IN THE SUPREME COURT OF INDIA CIVIL APPELLATE JURISDICTION CIVIL APPEAL N. 1127 OF 2009 (Arising out of SLP (C) No. 111 of 2009) M/s. Sorath Builders .....Appellant Versus Shreejikrupa Buildcon Limited & Anr. .....Respondents

Dr. Mukundakam Sharma, J.

1.     Leave Granted.

2.     In the present appeal what is under consideration is the construction of Veterinary College building at Navsari Agricultural University, Gujarat (hereinafter referred to as "University"). Since construction of the aforesaid building was required to be done immediately, University released the grant which was going to lapse on 31.03.2009. The University issued a Tender Notice No. 20/2008-09 on 21.11.2008 inviting tenders for construction of Veterinary College building at Navsari Agricultural University, Gujarat.
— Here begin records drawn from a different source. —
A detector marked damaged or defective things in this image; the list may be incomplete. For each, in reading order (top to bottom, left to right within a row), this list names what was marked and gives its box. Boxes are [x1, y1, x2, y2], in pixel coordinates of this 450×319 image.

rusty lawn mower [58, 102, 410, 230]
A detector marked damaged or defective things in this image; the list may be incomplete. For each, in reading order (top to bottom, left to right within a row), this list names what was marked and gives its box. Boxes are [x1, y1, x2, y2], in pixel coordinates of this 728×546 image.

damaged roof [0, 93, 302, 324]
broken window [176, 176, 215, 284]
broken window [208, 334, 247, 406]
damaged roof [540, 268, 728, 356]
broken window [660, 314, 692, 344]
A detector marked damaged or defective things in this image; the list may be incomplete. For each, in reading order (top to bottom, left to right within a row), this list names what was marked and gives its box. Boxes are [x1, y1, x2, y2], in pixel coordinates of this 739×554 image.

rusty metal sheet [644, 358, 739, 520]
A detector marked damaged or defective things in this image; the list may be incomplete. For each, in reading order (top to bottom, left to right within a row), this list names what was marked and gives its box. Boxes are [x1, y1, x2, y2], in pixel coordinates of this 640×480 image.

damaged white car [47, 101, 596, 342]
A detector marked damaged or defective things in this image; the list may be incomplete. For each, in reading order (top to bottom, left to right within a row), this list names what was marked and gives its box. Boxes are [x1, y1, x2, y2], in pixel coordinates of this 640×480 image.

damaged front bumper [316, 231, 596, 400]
The tender notice was widely advertised through publication in newspaper "Sandesh", being the largest local daily in the State of Gujarat. The tender notice was also published on the internet. The notice inviting tenders required the following from the bidders:

Page 1 of 12 a) Pre qualification documents had to be sent by 27.11.2008, failing which the tender would be liable for rejection and will not be opened;

i) "AA" Class certificate with minimum 80% of the project cost turnover audited in the last financial year 2007-08;

ii) Bidding capacity value should be more than project cost;

iii) II Building category registration and above.

All the above documents have to be readily available with any builder having continuous work for different authorities.
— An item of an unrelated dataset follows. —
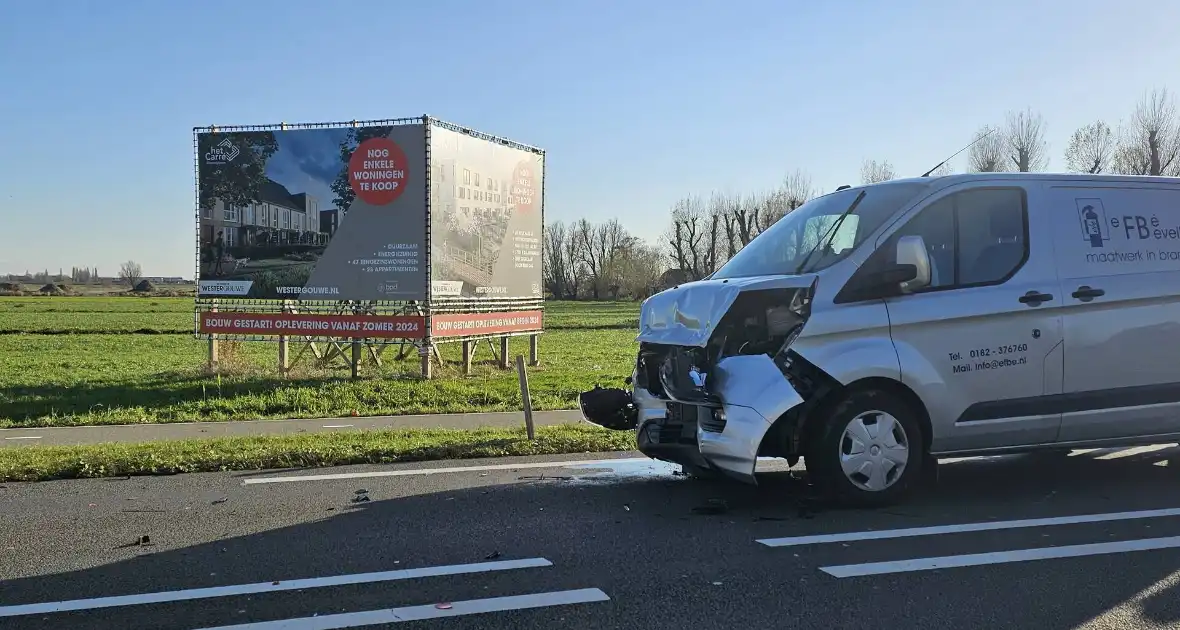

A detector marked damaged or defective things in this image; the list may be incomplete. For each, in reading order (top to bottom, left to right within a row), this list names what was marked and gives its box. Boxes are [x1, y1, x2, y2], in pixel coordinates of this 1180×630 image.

b) Last date of "On Line" submitting of "Price bid" was 28.11.2008.

c) Tender fees, Earnest Money Deposit (EMD) and other documents can be submitted by 04.12.2008.

3.     Pursuant to the aforesaid advertisement three bids were received by the University out of which one was disqualified at the threshold for not having the requisite experience. Out of the remaining two, the bid of the appellant - M/s. Sorath Builders was the lowest. One of the terms and conditions of the bid was that pre-qualification documents were required to be sent by 27.11.2008. Since the bid of respondent no. 1, Shreejikrupa Buildcon Limited was sent on 01.12.2008 i.e. three days after the last date of receiving these documents by the University the bid of respondent no. 1 could not have been opened as it was received Page 2 of beyond the time stipulated and accordingly it was not taken into consideration.

4.     The University considered the following stipulation in the tender:

"Late date of "On Line" submission of price bid is dated 28/11/2008 upto 18.00 hrs. All documents, tender fees, registration, bank solvency, bank guarantee and EMD etc. duly scan along with the tender documents should be submitted "On Line". Last date for submission of pre- qualification documents by R.P.A.D./Speed Post is 27/11/2008. Any violation in the above instructions, the tender will be liable for rejection and will not be opened".

In terms of and in accordance with the mandate of the tender notice the tender of respondent no. 1 - Shreejikrupa Buildcon Limited was not opened. Being so situated, the respondent no. 1 filed a writ petition before the High Court of Gujarat praying for quashing the decision of respondent no. 2 - University dated 8.12.2008 considering the respondent no. 1 as disqualified from participating in the tender selection process for the construction of Veterinary College building at Navsari Agricultural University, Gujarat.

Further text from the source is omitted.